So my task is pretty simple. We have a.CSV file with the results of the decathlon competition. They need to be changed into tasks, ranked and assigned places. Everything works fine apart from one line:

modified_data.sort_values(by=["Total points"])

Why doesn't it sort the result for me?

My work below:

import pandas as pd
import numpy as np

# Modification of CSV file data by adding header names and splitting data
data = pd.read_csv("static/data/Decathlon.csv", delimiter=';', header=None)
data = data.assign(Total_points=0)
data = data.assign(Ranking=0)
header_list = ['Player', '100 metres', 'Long jump', 'Short put', 'High jump', '400 metres', '110 metres hurdles',
               'Discus throw', 'Pole vault', 'Javelin throw', '1500 metres', 'Total points', 'Ranking']
data.to_csv("static/data/Decathlon_modified.csv", header=header_list, index=False)
modified_data = pd.read_csv("static/data/Decathlon_modified.csv", delimiter=',')
print(modified_data)

# Conversion of CSV data into the necessary units of measurement,
# so that it can be applied to the calculation of the resulting formulas:
temporary_list = []
changed_list = []
for time in modified_data["1500 metres"]:
    temporary_list.append(time.split('.'))
for new_value in temporary_list:
    value = (int(new_value[0]) * 60) + int(new_value[1]) + int(new_value[2]) * 0.01
    changed_list.append(value)
for index, new_value in enumerate(changed_list):
    modified_data.loc[index, "1500 metres"] = new_value

# Results are calculated according to formulas:
# Points = INT(A(B — P)C) for track events (faster time produces a higher score)
modified_data["100 metres"] = round((25.4347 * (18 - modified_data["100 metres"]) ** 1.81))
modified_data["400 metres"] = round(1.53775 * (82 - modified_data["400 metres"]) ** 1.81)
modified_data["110 metres hurdles"] = round(5.74352 * (28.5 - modified_data["110 metres hurdles"]) ** 1.92)
modified_data["1500 metres"] = round(0.03768 * (480 - modified_data["1500 metres"].astype(float)) ** 1.85)

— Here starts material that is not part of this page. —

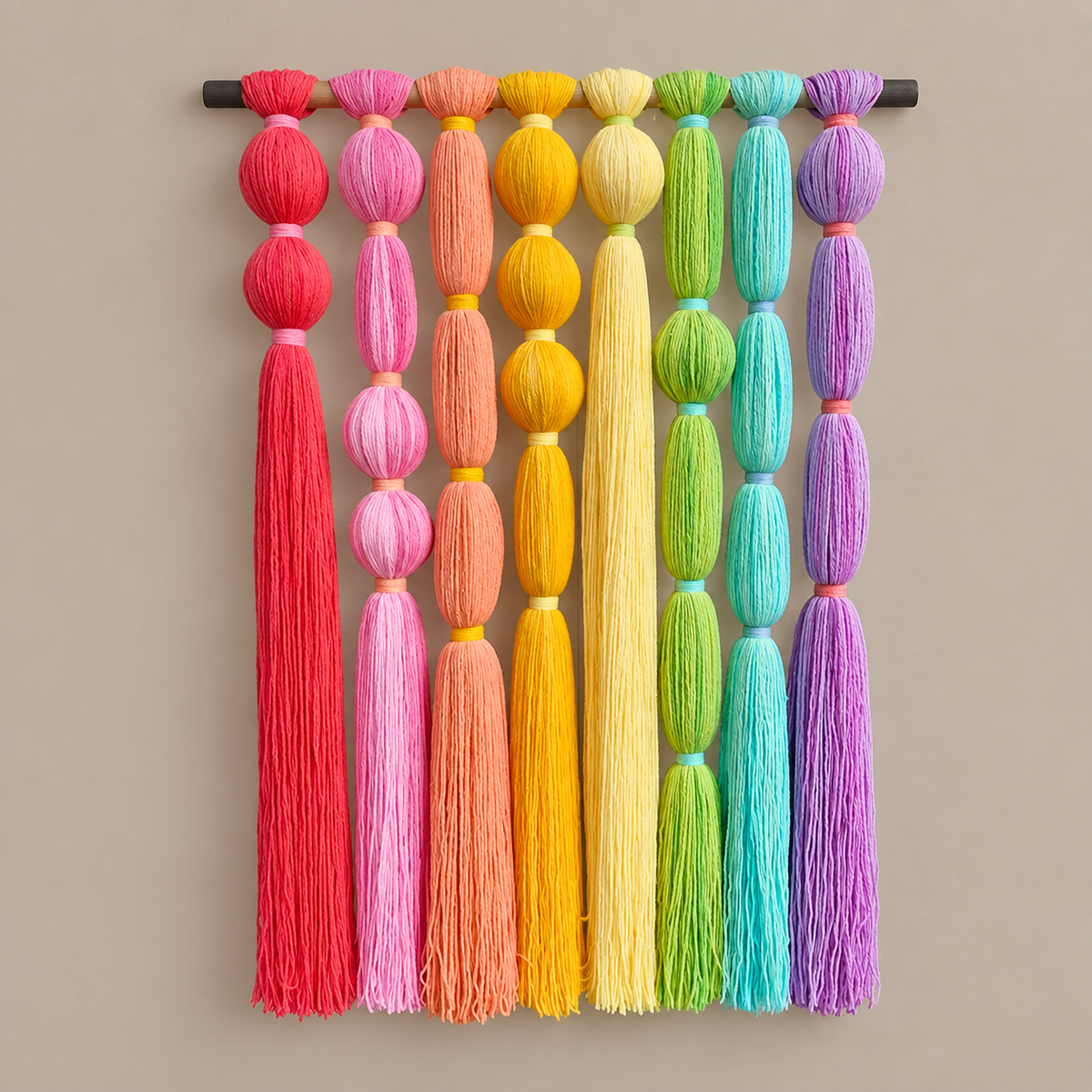 A studio on cream, rainbow tassel wall hanging, yarn-wrapped beads, fine cord tassels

# Points = INT(A(P — B)C) for field events (greater distance or height produces a higher score)
modified_data["Long jump"] = round(0.14354 * ((modified_data["Long jump"] * 100) - 220) ** 1.4)
modified_data["Short put"] = round(51.39 * (modified_data["Short put"] - 1.5) ** 1.05)
modified_data["High jump"] = round(0.8465 * ((modified_data["High jump"] * 100) - 75) ** 1.42)
modified_data["Discus throw"] = round(12.91 * (modified_data["Discus throw"] - 4) ** 1.1)
modified_data["Pole vault"] = round(0.2797 * (modified_data["Pole vault"] * 100 - 100) ** 1.35)
modified_data["Javelin throw"] = round(10.14 * (modified_data["Javelin throw"] - 7) ** 1.08)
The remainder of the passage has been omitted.